La diferencia es total: adorar algo que nosotros mismos construimos para tener el control hasta de nuestros afectos (¿o acaso adorar no es básicamente amar y entregar la voluntad a quien amamos?) o arriesgarse a acoger a un Dios vivo que “escribe su ley en unas tablas vivas”, que nos hace “hechura suya”, que nos imprime su amor en el alma.
Ciertamente, todo “becerro de oro” siempre será más vistoso y más seguro. Poner la vida y el corazón al servicio de un Dios que no vemos ni nos dice lo que hay que hacer a ciegas, siempre será más pequeño, más humilde, más arriesgado.
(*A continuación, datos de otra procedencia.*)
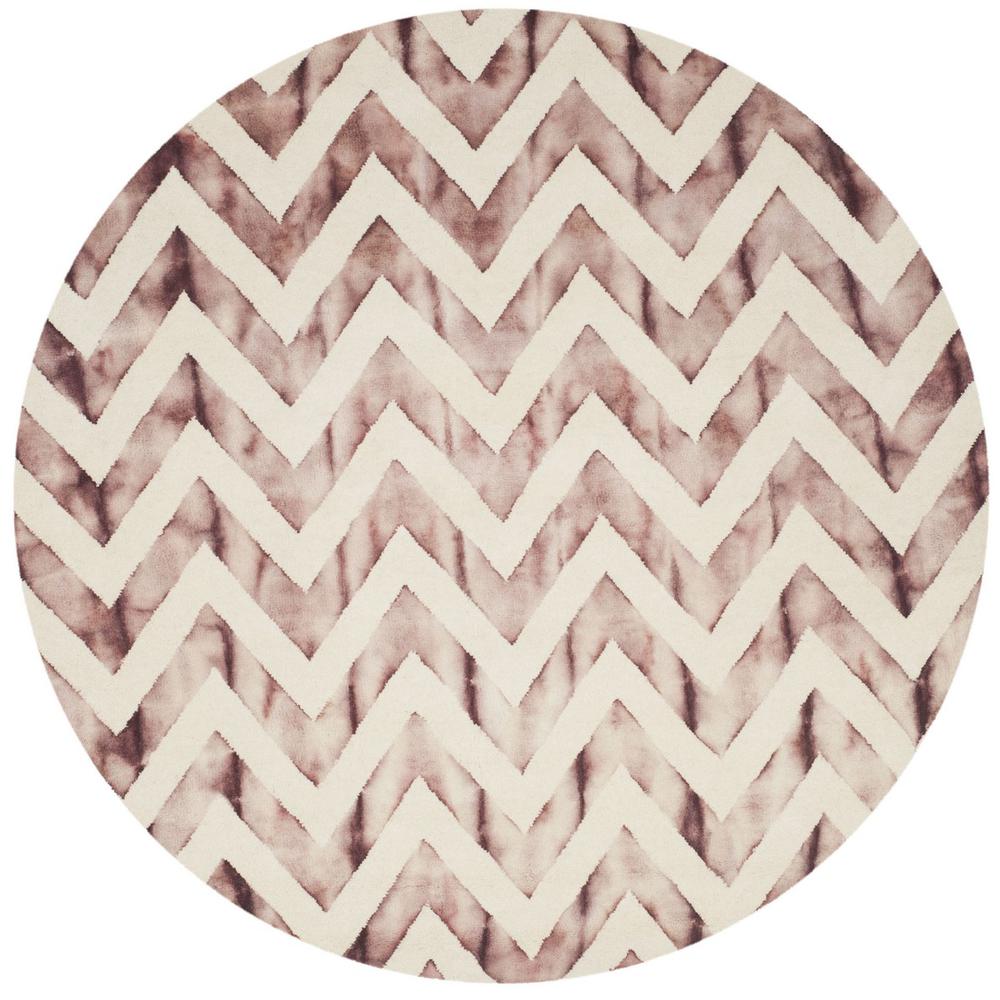 DIP DYE, IVORY / MAROON, 7' X 7' Round, Area Rug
Es como el grano de mostaza del Evangelio o como la mujer que amasa harina con levadura para poder disfrutar del pan algún día.
La elección es nuestra, como siempre. ¡Y cuánto cuesta elegir lo pequeño, aquello que actúa en la oscuridad de la duda y la desinstalación! ¡Y cuánto llena la vida y ensancha el alma, cuando a pesar de todo, dejamos los ídolos de todos los colores y alturas y nos sentamos a la sombra serena y fresca del árbol de mostaza donde anidan hasta los pájaros más pequeños! ¿Por qué no?